◆ **YOUR OBJECTIVE**: Without the pictures, return each record as it appears.

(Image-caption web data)
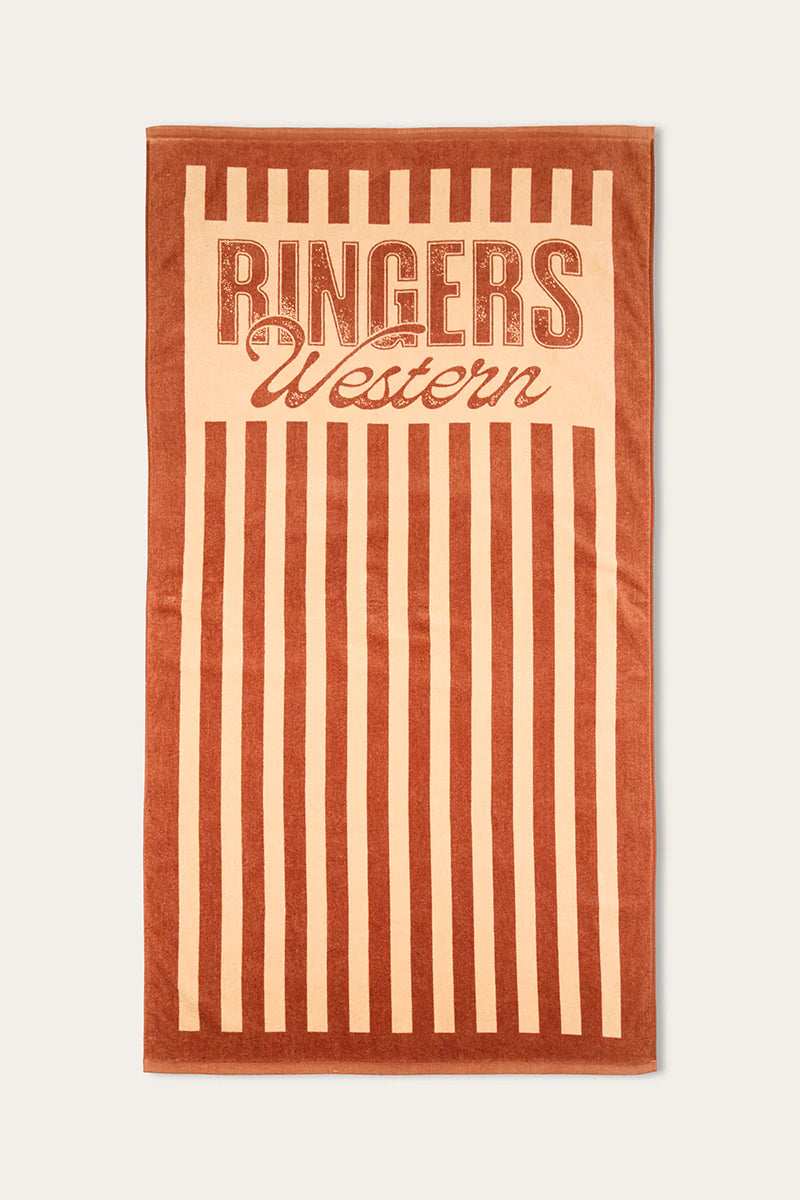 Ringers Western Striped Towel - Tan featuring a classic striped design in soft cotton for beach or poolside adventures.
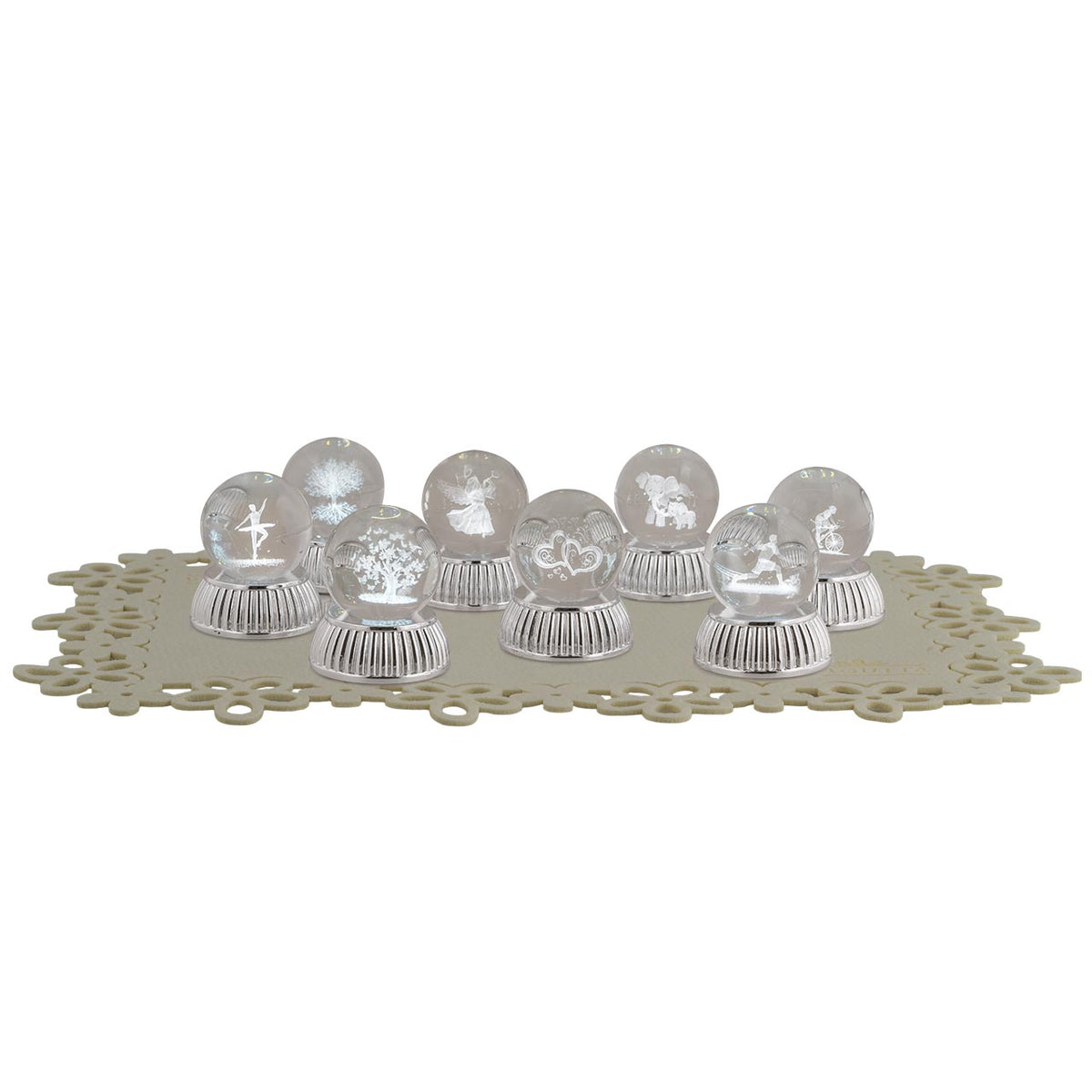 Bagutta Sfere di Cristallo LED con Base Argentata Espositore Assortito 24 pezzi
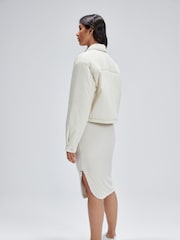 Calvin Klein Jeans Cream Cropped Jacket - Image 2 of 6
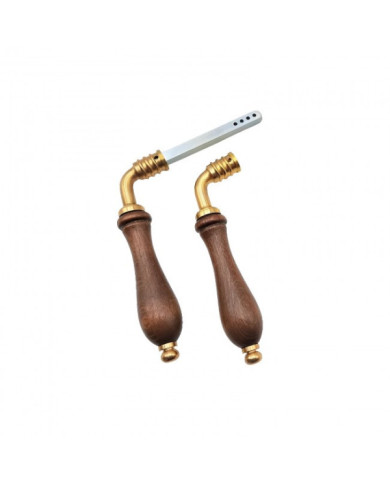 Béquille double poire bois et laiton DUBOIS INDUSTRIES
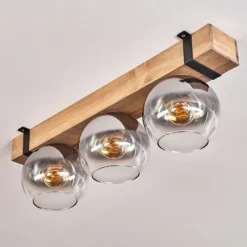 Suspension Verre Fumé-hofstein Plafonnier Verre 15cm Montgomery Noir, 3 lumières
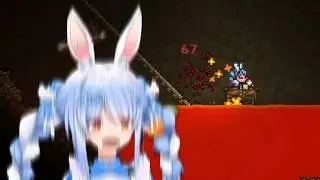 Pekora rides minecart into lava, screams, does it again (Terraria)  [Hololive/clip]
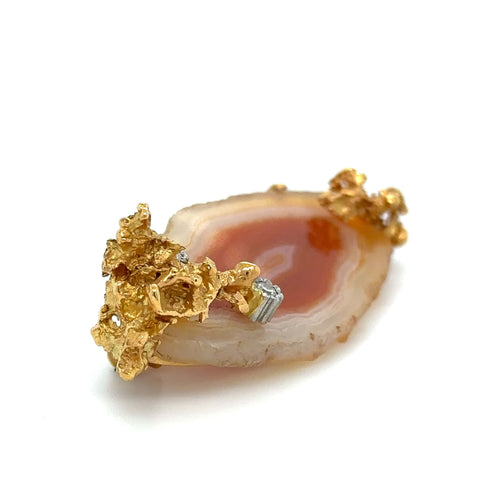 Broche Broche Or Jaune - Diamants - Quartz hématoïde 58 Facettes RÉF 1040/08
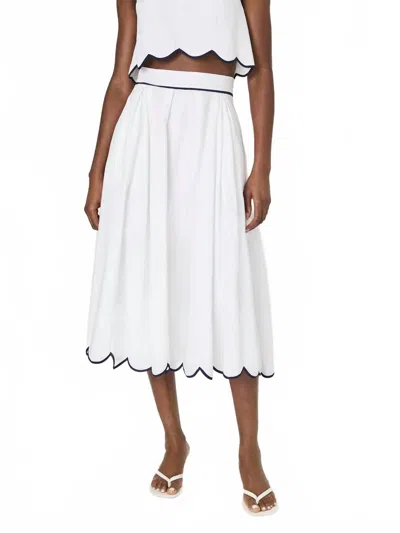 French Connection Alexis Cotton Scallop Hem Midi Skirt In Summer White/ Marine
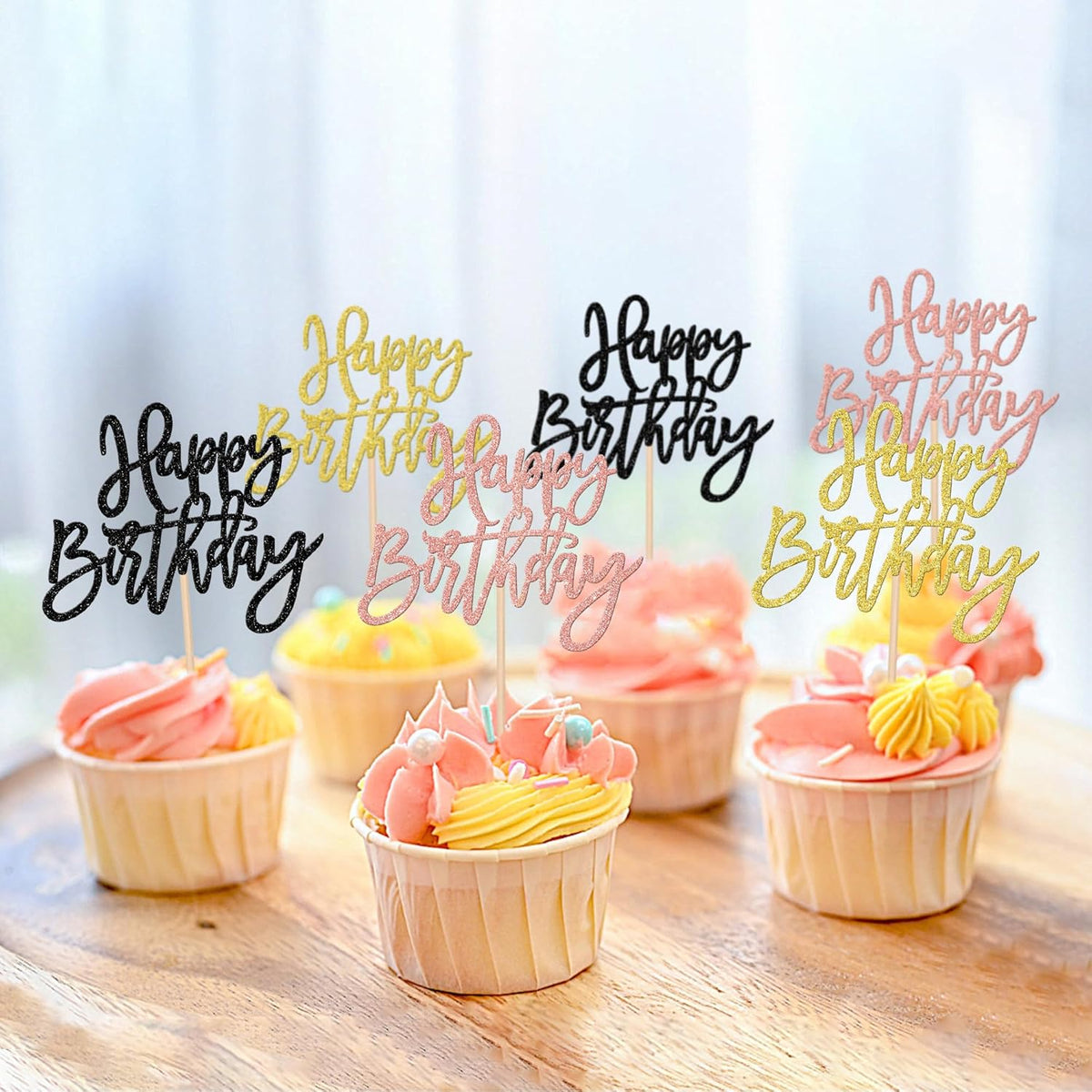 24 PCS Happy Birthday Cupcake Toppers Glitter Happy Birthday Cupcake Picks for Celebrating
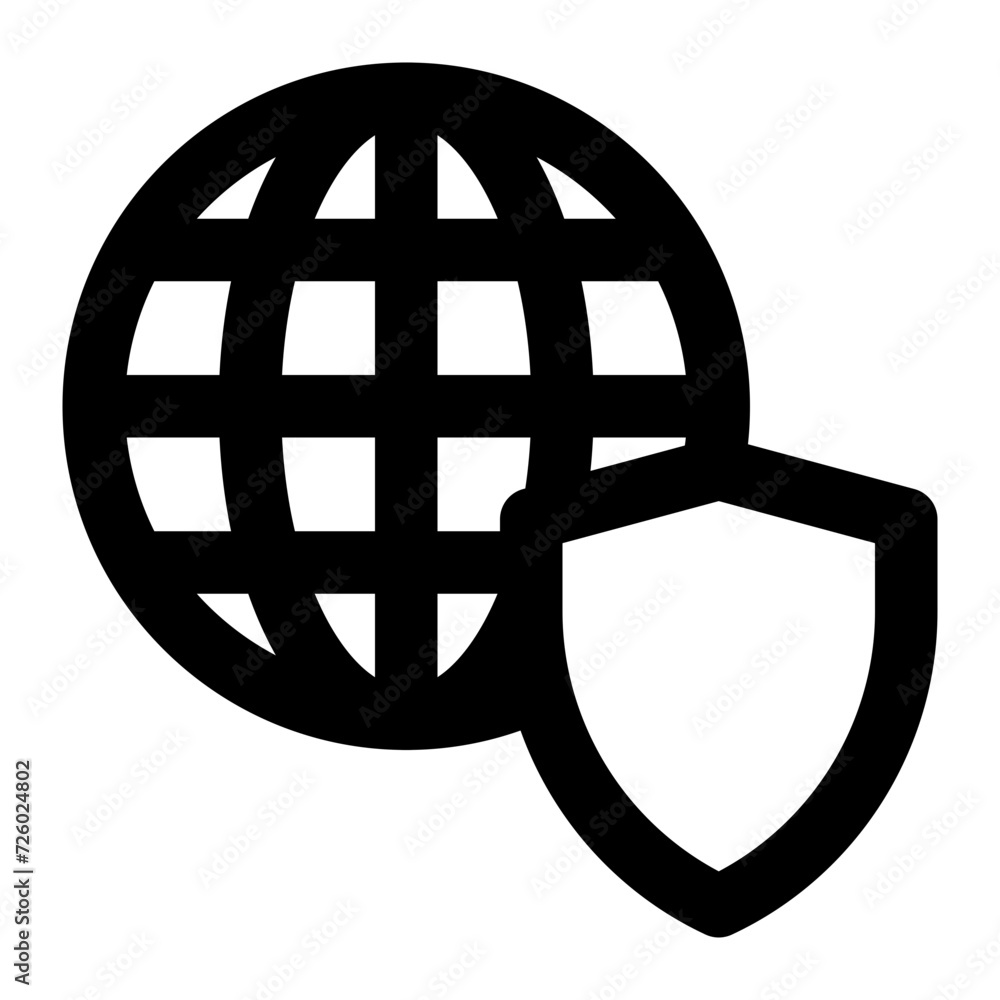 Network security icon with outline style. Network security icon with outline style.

◆ **RESPONSE**:
 Ringers Western Striped Towel - Tan featuring a classic striped design in soft cotton for beach or poolside adventures.
 Bagutta Sfere di Cristallo LED con Base Argentata Espositore Assortito 24 pezzi
 Calvin Klein Jeans Cream Cropped Jacket - Image 2 of 6
 Béquille double poire bois et laiton DUBOIS INDUSTRIES
 Suspension Verre Fumé-hofstein Plafonnier Verre 15cm Montgomery Noir, 3 lumières
 Pekora rides minecart into lava, screams, does it again (Terraria)  [Hololive/clip]
 Broche Broche Or Jaune - Diamants - Quartz hématoïde 58 Facettes RÉF 1040/08
 French Connection Alexis Cotton Scallop Hem Midi Skirt In Summer White/ Marine
 24 PCS Happy Birthday Cupcake Toppers Glitter Happy Birthday Cupcake Picks for Celebrating
 Network security icon with outline style. Network security icon with outline style.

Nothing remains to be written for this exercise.